Retour sur un classique de philosophie. Contre tout déterminisme, Jean-Paul Sartre met le concept de liberté au cœur de sa pensée et nous invite radicalement à devenir les maîtres de notre vie.



 

L'existentialisme est un humanisme, Jean-Paul Sartre, Folio Essais (1946)

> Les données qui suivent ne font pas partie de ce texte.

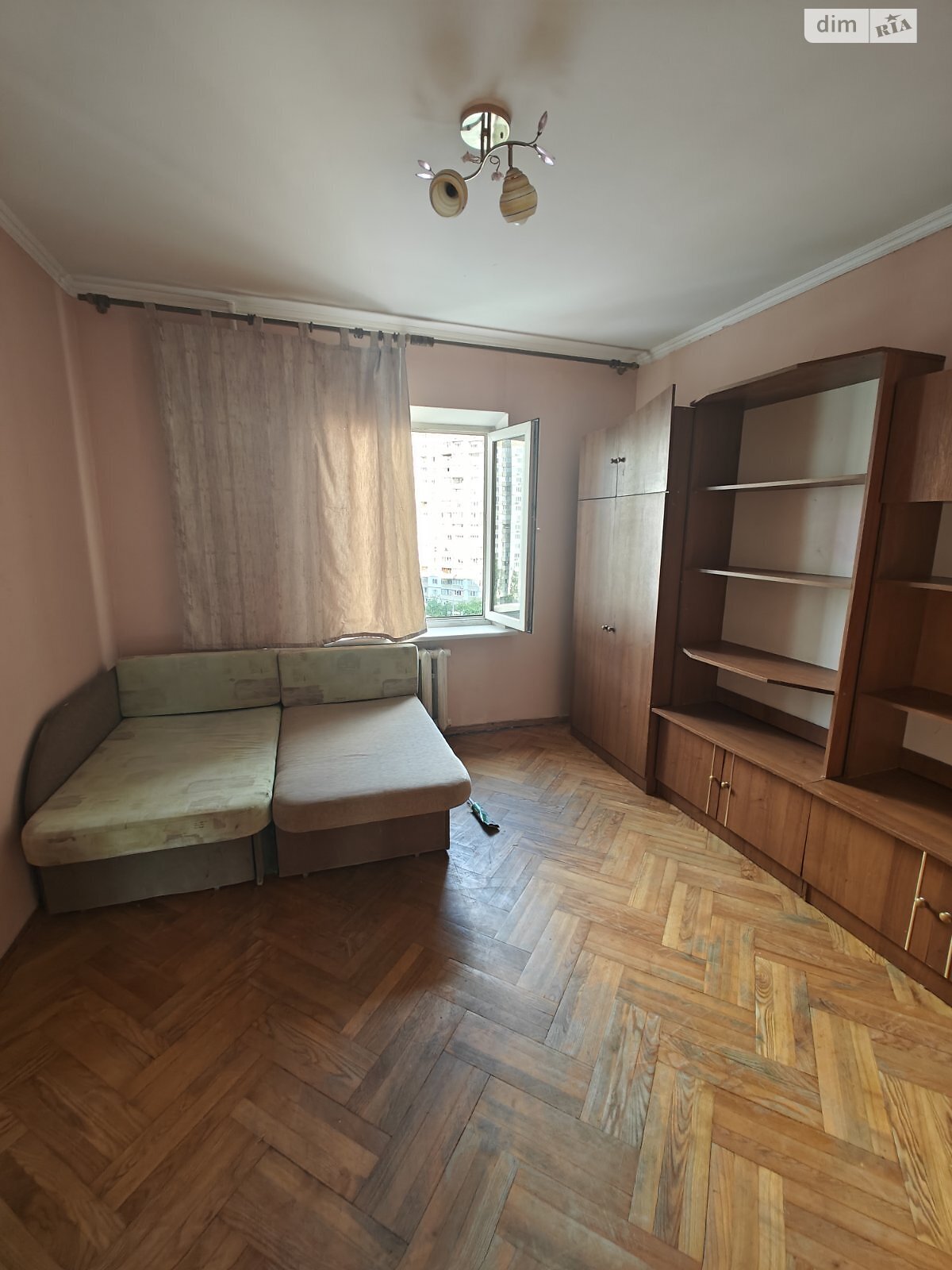 трехкомнатная квартира в Киеве, район Троещина, на ул. Радунская 3 в аренду на долгий срок помесячно фото 1 трехкомнатная квартира в Киеве, район Троещина, на ул. Радунская 3 в аренду на долгий срок помесячно фото 1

“Beaucoup pourront s’étonner de ce qu’on parle ici d’humanisme. [...] Nous entendons par existentialisme une doctrine qui rend la vie humaine possible et qui, par ailleurs, déclare que toute vérité et toute action impliquent un milieu et une subjectivité humaine. [...] L’existentialisme n’est pas autre chose qu’un effort pour tirer toutes les conséquences d’une position athée cohérente. Il ne cherche pas du tout à plonger l’homme dans le désespoir. Mais si l’on appelle, comme les chrétiens, désespoir toute attitude d’incroyance, il part du désespoir originel. L’existentialisme n’est pas tellement un athéisme au sens où il s’épuiserait à démontrer que Dieu n’existe pas. Il déclare plutôt : même si Dieu existait, ça ne changerait rien ; voilà notre point de vue. Non pas que nous croyions que Dieu existe, mais nous pensons que le problème n’est pas celui de son existence ; il faut que l’homme retrouve lui-même et se persuade que rien ne peut le sauver de lui-même, fût-ce une preuve valable de l’existence de Dieu. En ce sens, l’existentialisme est un optimiste, une doctrine d’action.”


 

Publié en 1946, ce petit livre de Jean-Paul Sartre cherche à préciser de manière pédagogique ce qu’est la philosophie qu’il défend, à savoir l’existentialisme, et à expliciter son œuvre philosophique principale écrite trois ans plus tôt, L’Être et le Néant. De manière plus formelle, il s’agit du compte-rendu d’une conférence effectuée à Paris l’année précédente, le 29 octobre 1945. C’est à travers quelques grandes formules restées célèbres que le philosophe se propose d’expliciter globalement sa thèse. Par son accessibilité, L’existentialisme est un humanisme constitue une excellente introduction à la pensée de Sartre et, plus généralement, à la philosophie.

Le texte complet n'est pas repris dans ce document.